Task description: For the entries below, the result should be an exact transcription of the lines from the one with "NY license plate HGE6628" up to and including the one with "2 piezas Protector", and only those.

Start of Data supplied

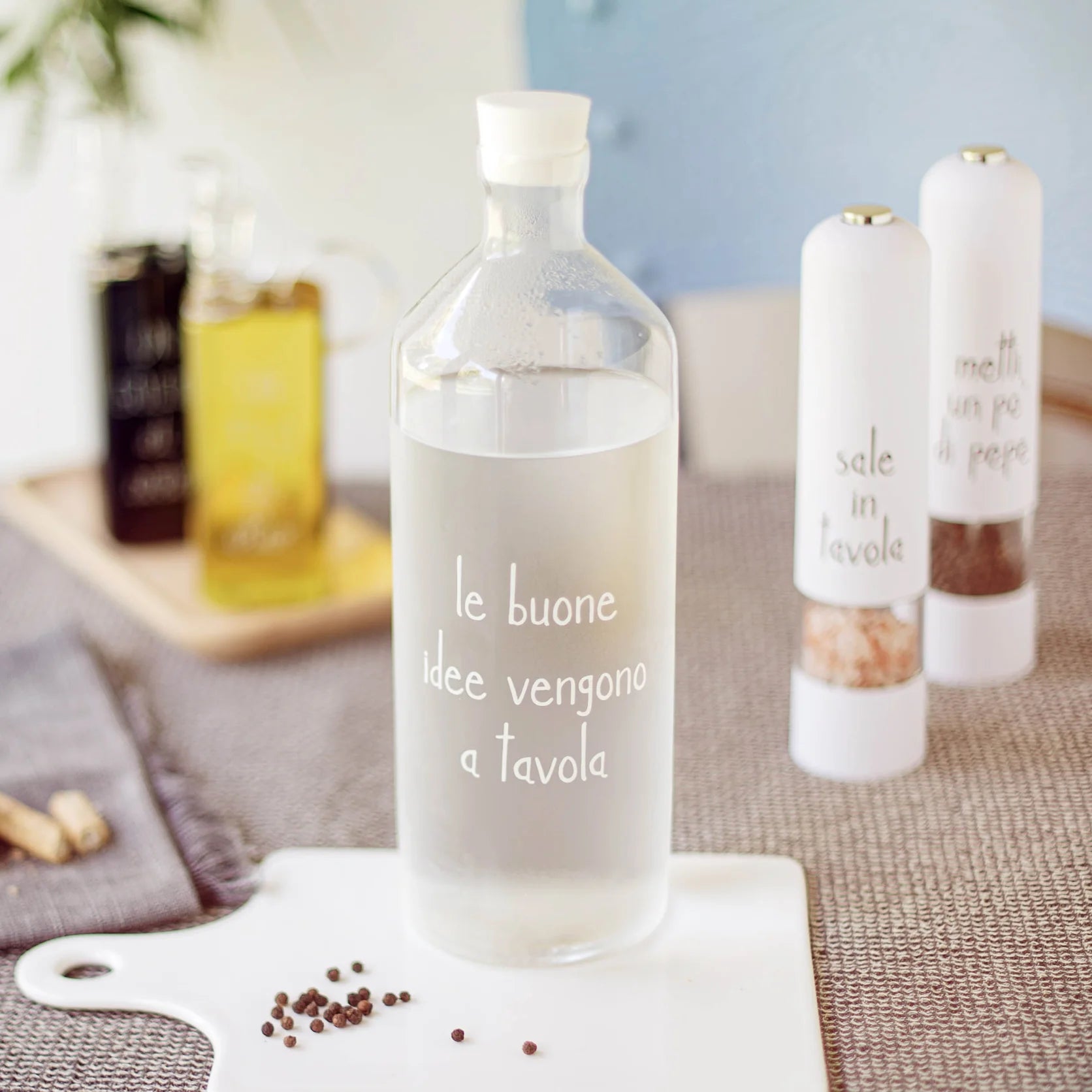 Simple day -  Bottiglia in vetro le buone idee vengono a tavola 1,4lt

End of Data supplied
Start of Data supplied

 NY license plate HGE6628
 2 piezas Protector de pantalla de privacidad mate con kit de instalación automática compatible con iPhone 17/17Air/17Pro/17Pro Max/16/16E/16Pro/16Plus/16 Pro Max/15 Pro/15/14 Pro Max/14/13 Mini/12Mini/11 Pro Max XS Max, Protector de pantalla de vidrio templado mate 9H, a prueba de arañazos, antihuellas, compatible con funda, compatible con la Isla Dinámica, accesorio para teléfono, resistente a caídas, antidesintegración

End of Data supplied
Start of Data supplied

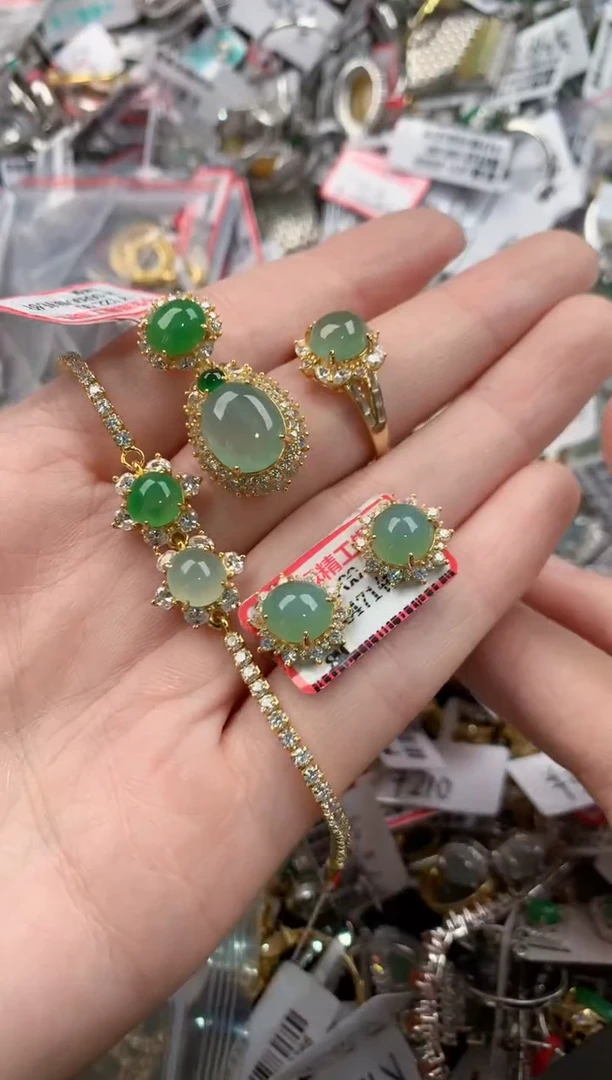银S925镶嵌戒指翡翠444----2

End of Data supplied

Task answer:
 NY license plate HGE6628
 2 piezas Protector de pantalla de privacidad mate con kit de instalación automática compatible con iPhone 17/17Air/17Pro/17Pro Max/16/16E/16Pro/16Plus/16 Pro Max/15 Pro/15/14 Pro Max/14/13 Mini/12Mini/11 Pro Max XS Max, Protector de pantalla de vidrio templado mate 9H, a prueba de arañazos, antihuellas, compatible con funda, compatible con la Isla Dinámica, accesorio para teléfono, resistente a caídas, antidesintegración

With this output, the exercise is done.